You must have run all clingo cells above for test to pass.

In [14]:
# Following should be output of your previous cell.
# Order of predicates in the output doesn't matter.
# Run to see expected output with syntax highlighting.
expected_output = '''
icv_cited_publication(2020) icv_cited_publication(3799)
'''

db_file = os.path.expanduser('~/data_readonly/datalog/publications_base.lp')
clingo_evaluate(db_file, Icv_cited_publication['code'], 'icv_cited_publication', 1, expected_output)


#### [7 points] Test 2 for icv_cited_publication.
Following is what is called a hidden test case. This will always pass in student's version but will actually be evaluated after submission.
* We will first add some facts that are hidden from student.
* We will run icv_person_has_father_mother rule using these new facts and see if rule still behaving correctly.

In [15]:
# This cell will test the icv_cited_publication with these new facts.
# Contents of this cell will not be present in student's version of assignment.
# This will only be evaluated after submission.


### [10 points] If P1 cites P2 then P2's year of publication cannot be greater than P1.

In [16]:
%%clingo {"predicate" : "icv_p1_greater_p2", "predicate_arity" : 4, "result_var": "Icv_p1_greater_p2"}

% Following code snippet and it's result will be assigned to local variable Icv_p1_greater_p2

% Change following expression.
icv_p1_greater_p2(P1,P2,Y1,Y2) :- 
    publication(P1, _, Y1, _, _, _, _, _, _, _), 
    publication(P2, _, Y2, _, _, _, _, _, _, _), 
    cites(P1, P2), Y2 > Y1.

Saving output to local variable Icv_p1_greater_p2['result']
Saving code snippet to local variable Icv_p1_greater_p2['code']

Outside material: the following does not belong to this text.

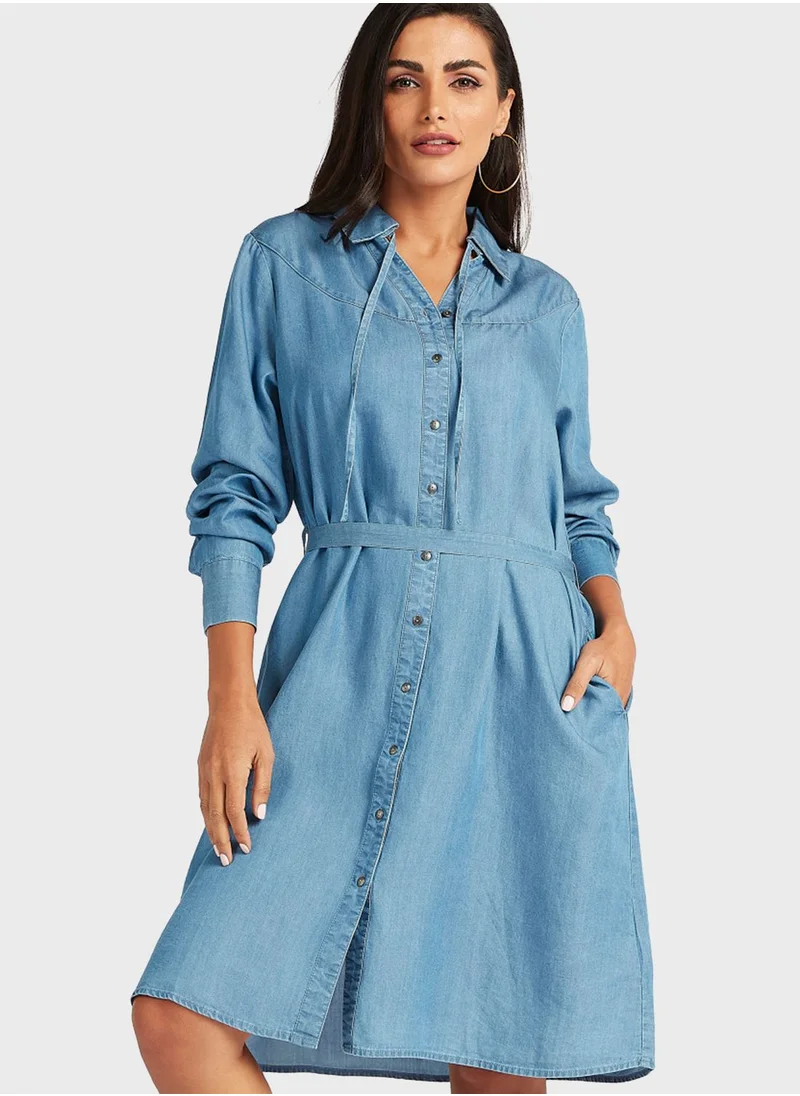 bossini Button Down Tie Waist Mini Dress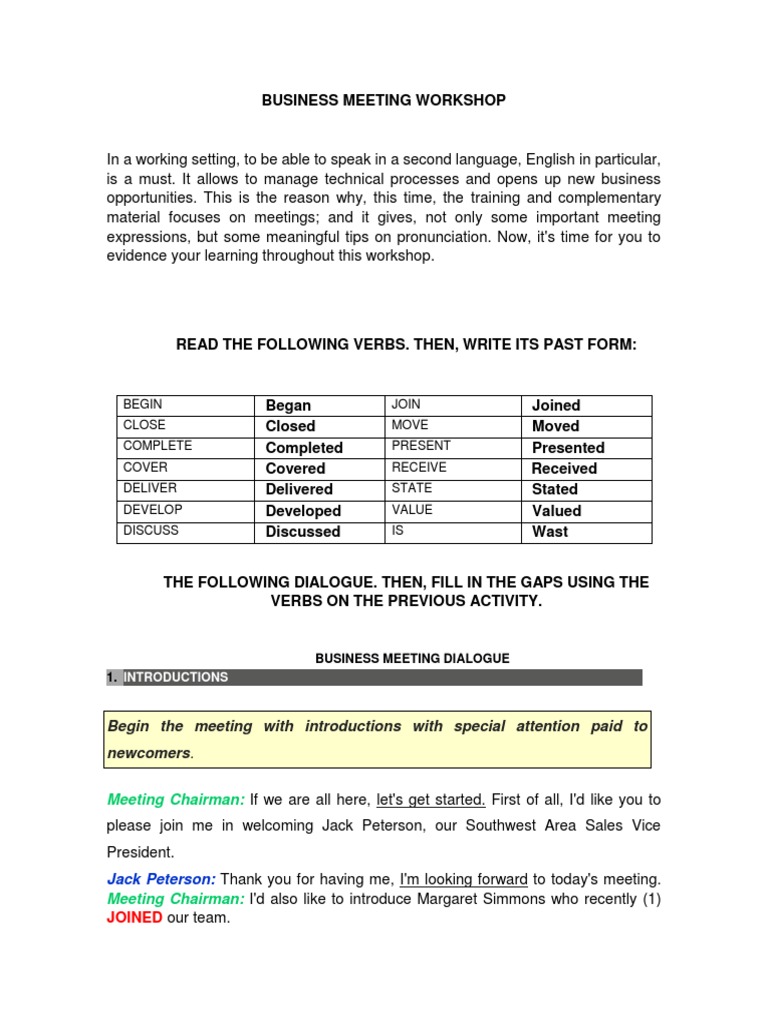 Business Meeting Workshop Guide | PDF | Cognitive Science | Cognition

#### [3 points] Test 1 for icv_p1_greater_p2.
Following test will compare output of your icv_p1_greater_p2 rule against expected output.
You must have run all clingo cells above for test to pass.

In [17]:
# Following should be output of your previous cell.
# Order of predicates in the output doesn't matter.
# Run to see expected output with syntax highlighting.
expected_output = '''
icv_p1_greater_p2(2044,2580,1934,1962)
'''

db_file = os.path.expanduser('~/data_readonly/datalog/publications_base.lp')
clingo_evaluate(db_file, Icv_p1_greater_p2['code'], 'icv_p1_greater_p2', 4, expected_output)

#### [7 points] Test 2 for icv_p1_greater_p2.
Following is what is called a hidden test case. This will always pass in student's version but will actually be evaluated after submission.
* We will first add some facts that are hidden from student.
* We will run icv_person_has_father_mother rule using these new facts and see if rule still behaving correctly.

In [18]:
# This cell will test the icv_p1_greater_p2 with these new facts.
# Contents of this cell will not be present in student's version of assignment.
# This will only be evaluated after submission.